Knowledge Breach Notification
,
Knowledge Safety
,
Healthcare
Nationwide Accident Well being Says Breach Uncovered Medical Information of 181,000 Folks
A Maine-based third-party administrator that handles healthcare claims involving day care facilities, youth sports activities and NCAA athlete accidents is notifying greater than 181,000 claimants that their medical data and private identifiers could have been accessed or stolen in an April hacking incident.
See Additionally: New Assaults. Skyrocketing Prices. The True Value of a Safety Breach.
Nationwide Accident Well being Normal Company, or NAHGA, describes itself as a third-party administrator that focuses on secondary accident insurance coverage claims processing for purchasers throughout the nation.
The corporate, which has been in enterprise greater than 30 years, handles claims involving specialty organizations and huge well being insurers that cater to day care facilities; youth sports activities and camps for Okay-12 college students; athletic applications such because the NCAA Divisions I, II and III; nationwide movie and tv productions; and motocross and brief monitor auto racing.
NAHGA, in a breach report submitted to Maine’s lawyer common on Friday, mentioned the hacking affected 181,160 folks.
In a breach discover posted on NAHGA’s web site, the corporate mentioned that on April 10, it “discovered” of bizarre exercise inside its community.
NAHGA mentioned it then instantly took measures to research the exercise and safe its programs.
With the assistance of third-party cybersecurity consultants, the investigation decided that an unauthorized particular person could have accessed or acquired sure information and knowledge saved inside NAHGA’s programs between April 8, and April 11.
“NAHGA performed an in depth evaluate of those programs with a purpose to determine the scope of the incident,” the corporate mentioned, including that it began sending breach notices to affected people with an accessible mailing handle on Nov. 14.
NAHGA’s evaluate of the compromised knowledge discovered that affected data could have included people’ title, Social Safety quantity, date of beginning, driver’s license quantity, medical insurance data and medical or therapy data.
NAHGA mentioned it has taken steps to reinforce its safety to assist cut back the danger of comparable incidents sooner or later.
NAHGA didn’t instantly reply to Data Safety Media Group’s request for added particulars involving the corporate’s breach.
A number of nationwide regulation companies in current days and weeks have issued public notices saying they’re investigating the NAHGA breach for potential class motion litigation. As of Monday, at the least one such federal proposed class motion lawsuit had been filed in opposition to NAHGA stemming from the incident.
That lawsuit alleges, amongst different claims, that NAHGA’s weak safety practices did not cease cybercriminals from accessing and exfiltrating the personally identifiable data and guarded well being data in its care.
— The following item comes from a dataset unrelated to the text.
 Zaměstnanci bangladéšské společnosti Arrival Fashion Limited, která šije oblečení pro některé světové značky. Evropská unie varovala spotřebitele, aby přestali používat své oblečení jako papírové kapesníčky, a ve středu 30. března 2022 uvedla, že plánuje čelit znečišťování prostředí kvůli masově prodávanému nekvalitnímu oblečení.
“Due to defendant’s knowledge breach, the delicate PII/PHI of plaintiff and sophistication members was positioned into the fingers of cybercriminals – inflicting quite a few accidents and vital damages upon plaintiff and sophistication members,” the criticism alleges.
That lawsuit in opposition to NAHGA seeks monetary damages, together with compensatory and putative, as injunctive reduction requiring the corporate to higher shield plaintiffs and sophistication members’ private and well being data.
As of Monday, the NAHGA incident was not but posted on the U.S. Division of Well being and Human Providers’ HIPAA Breach Reporting Device itemizing main well being knowledge breaches affecting 500 or extra people.
Nonetheless, the NAHGA incident is amongst lots of of different giant breaches – together with hacking incidents – reported by third-party distributors and enterprise associates to the HHS Workplace for Civil Rights to this point in 2025.
The most important such HIPAA enterprise affiliate incident reported in 2025 to this point was a hacking incident at Episource, a medical coding and danger adjustment firm owned by well being insurer UnitedHealth Group’s Optum subsidiary (see: UnitedHealth Group’s Newest Well being Knowledge Breach).
That Episource breach, reported to HHS OCR on June 6, affected greater than 5.4 million folks. Episource in its breach discover mentioned that the corporate detected uncommon exercise on its laptop community on Feb. 6. The corporate mentioned its investigation into the incident decided that cybercriminals accessed and stole copies of some Episource knowledge between Jan. 27 and Feb. 6.